Hier, This vous a parlé de cette femme qui reprochait à son enfant de l'avoir fait souffrir, alors que justement il ne l'avait pas fait souffrir, et qu'il s'agissait de sa propre naissance, où elle avait fait souffrir sa mère: elle reprochait à son enfant ce que... peut-être même, sa mère ne lui avait pas dit; peut-être lui avait-elle dit... Qu'importe.
Il fallait que son amour pour cet enfant, sa relation profonde à cet enfant reprenne la relation profonde qui s'était passée entre elle et sa mère et qui se faisait autour de la souffrance, alors qu'elle, elle n'avait pas souffert. Et c'était nécessaire à cet enfant d'entendre ça pour entendre l'authenticité de sa mère.
Je n'étais pas là hier, mais ma fille m'a raconté ce que This vous avait dit, et j'ai trouvé très intéressant que vous ayez entendu cela, parce que nous sommes tout le temps, justement, avec ce poids « apparent » que les enfants reçoivent en parole de leurs parents, et qu'il est nécessaire qu'ils reçoivent, parce que c'est la façon dont les parents ont avec eux une relation d'amour-haine, de haine-amour, relation libidinale vraie de communication d'énergie et de reconnaissance:
« Oui, il est bien génétiquement relié à moi comme moi j'ai été génétiquement reliée à ma mère. »

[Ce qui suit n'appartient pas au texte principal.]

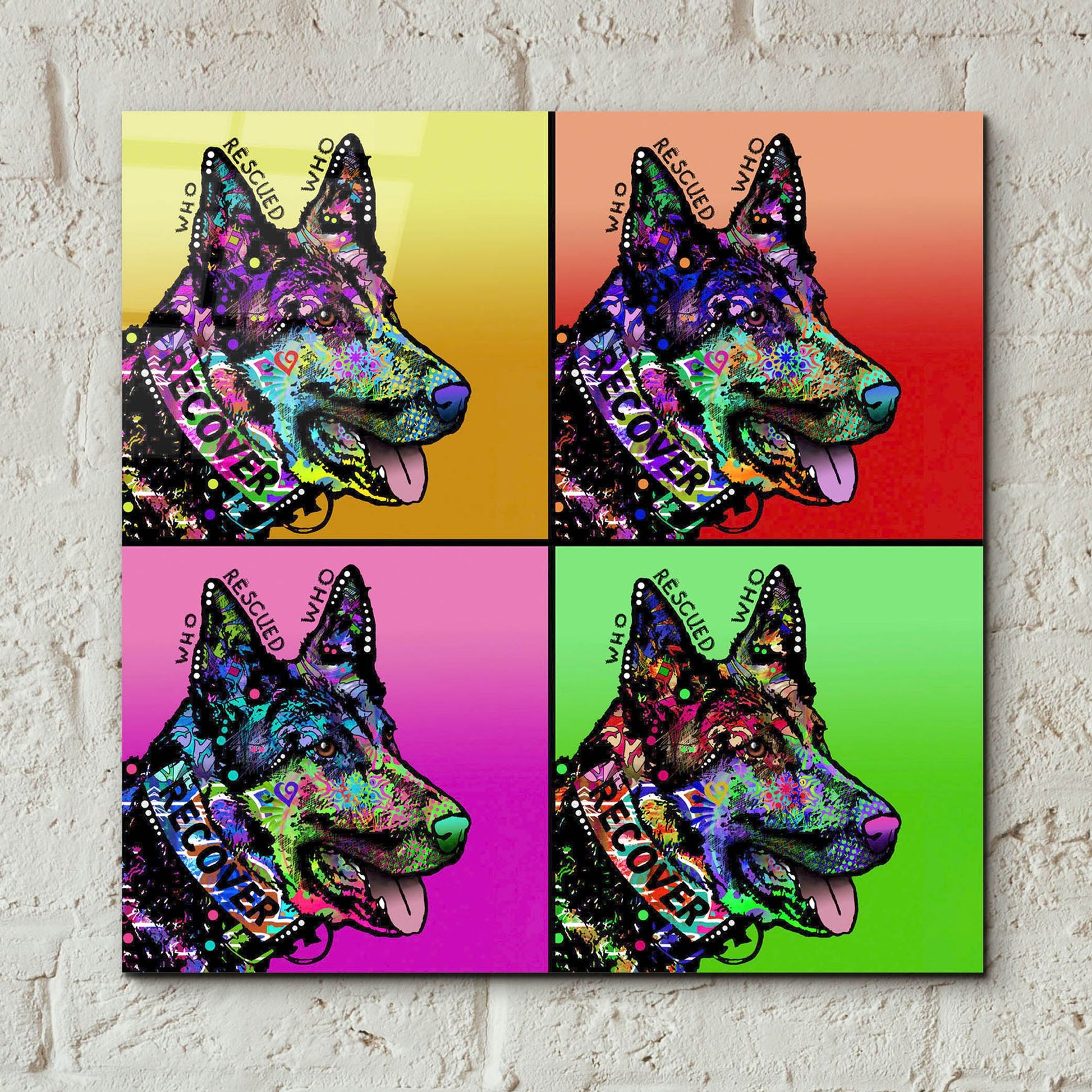 Epic Art 'Who Rescued Who 4X' by Dean Russo Studios, Acrylic Glass Wall Art,12x12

Et ce génétique passe à travers des affects qui doivent être dits, même s'ils sont faux, du moins faux pour les gens qui les écoutent, parce qu'ils ne correspondent pas à la réalité de ce qu'on a constaté, comme c'était le cas dans cet accouchement sans difficultés, qui réveillait chez cette femme, dans sa relation à son enfant, l'accouchement très difficile qu'elle avait fait subir, si l'on peut dire, et qu'elle avait subi en même temps vingt-cinq ans avant.
Histoire d’un allaitement
Voilà une autre histoire, elle s'est passée au début de ma vie médicale. J'étais externe à Bretonneau, à l'époque, chez Pichon, c'est là que j'ai fait ma thèse, et j'allais en salle de garde deux fois par semaine.
Quelques personnes connaissent peut-être cette histoire, c'était pendant la guerre, et j'entends en salle de garde qu'une femme de la maternité a accouché d'un superbe enfant et qu'elle a eu une montée de lait formidable. Quelle veine! C'était si difficile d'avoir du lait de femme; la plupart des femmes, traumatisées par le départ de leur mari, par la guerre, par les restrictions, n'avaient pas de lait!

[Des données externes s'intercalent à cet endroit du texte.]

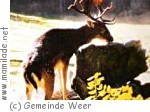 Wildgehege am Seabl in Weer Wildgehege am Seabl in Weer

Voilà une femme qui va pouvoir nourrir deux ou trois enfants; on est en train de voir avec la surveillante si on ne pourrait pas la garder, à la maternité, pour donner du lait de femme. Bref, la récupération d'une bonne laitière!...
On parle de ça... et je reviens, le lendemain; on me dit: « Vous ne savez pas ce qui s'est passé? Dès qu'elle a donné à téter à son bébé, plus de lait son lait s'est coupé. » Alors j'ai dit: « Je pense que c'est psychosomatique. » Vous voyez la rigolade d'une salle de garde : « C'est psychosomatique! Oui. Il y a quelque chose.

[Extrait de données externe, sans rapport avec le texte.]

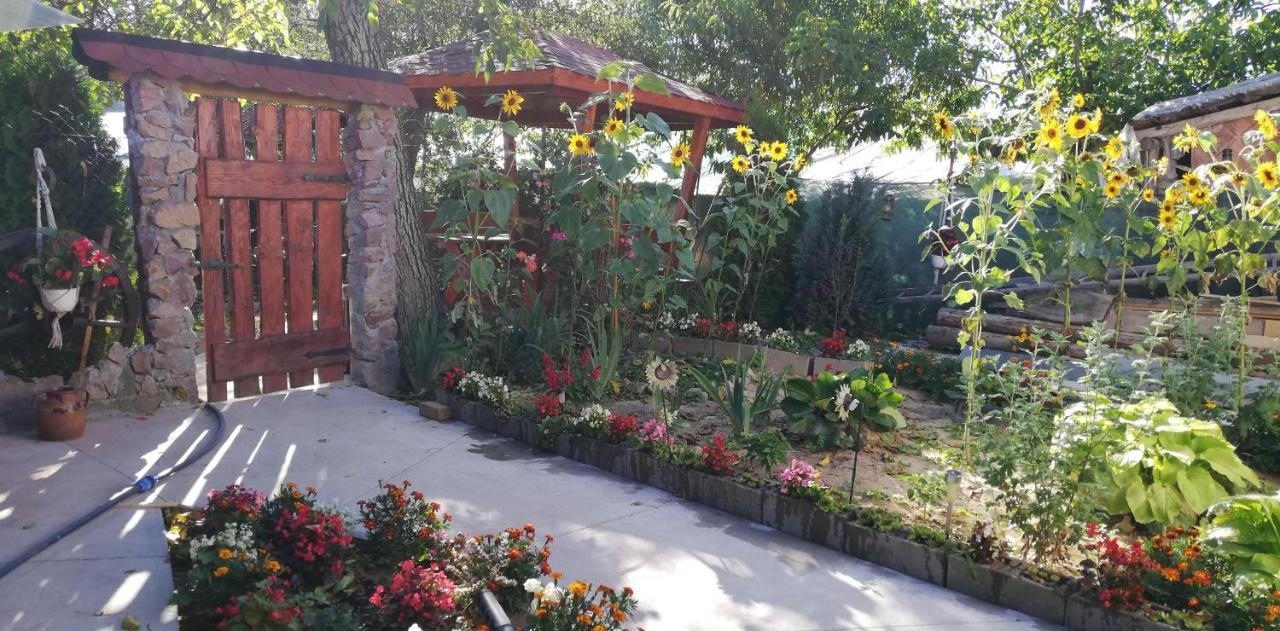 Bed and Breakfast Balla House Tărcaia Exterior foto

Si cette femme pouvait parler! Une telle montée de lait! Une superbe créature! Un bébé splendide! Il s'est passé quelque chose, il faudrait qu'elle arrive à le dire; c'est sûrement psychosomatique; il ne faut pas mettre ce bébé au biberon, il faut qu'elle parle. Alors on me demande: « Est-ce que vous pouvez venir?
- Oui, dès aujourd'hui ou après-demain, mais vous qui êtes l'interne, essayez déjà de parler avec elle: qu'est-ce que c'est, pour elle, de nourrir, sa relation à sa mère... »
Je m'en vais là-dessus, avec la bonne rigolade de tout le monde. « Ah! ces psychanalystes!... le lait qui serait psychosomatique... » Enfin!... nous sommes en 1941.
Le surlendemain, je reviens. Hurlements, avant même que j'arrive, j'entends que je suis annoncée. J'arrive, et tout le monde hurle (vous voyez ce qu'est le tonus d'une salle de garde)... Je me dis: ça y est, je ne pourrai plus revenir dans cette salle de garde, c'est trop fort, je leur en ai fait trop avaler, il y a trop de résistance. J'étais très, très embêtée parce que c'était bien agréable d'avoir un bon déjeuner, ils se débrouillaient très bien, dans les hôpitaux, pendant la guerre.
Mais ce n'était pas de l'agression, c'était une réception d'honneur; on m'a raconté l'histoire suivante... Je dois dire que moi, j'ai trouvé ça impressionnant; je n'aurais pas osé. Vous allez voir ce qui s'est passé.
L'interne était tellement embêté qu'il s'est dit: « Pourquoi pas, après tout?... » Les autres ont discuté, paraît-il, jusqu'à cinq heures de l'après-midi, après ce déjeuner, de ce que j'avais raconté. Ce que c'est quand on parle de psychanalyse, dans un milieu qui a une forte résistance; ça réveille!...
Quand il est revenu dans son service, il a parlé à la surveillante de la maternité et il lui a dit: « Voilà ce qu'une de nos consœurs psychanalyste nous suggère... » Et je leur avais déjà passé ma thèse; ils savaient que j'étais farfelue et que j'avais écrit des choses qui étaient farfelues.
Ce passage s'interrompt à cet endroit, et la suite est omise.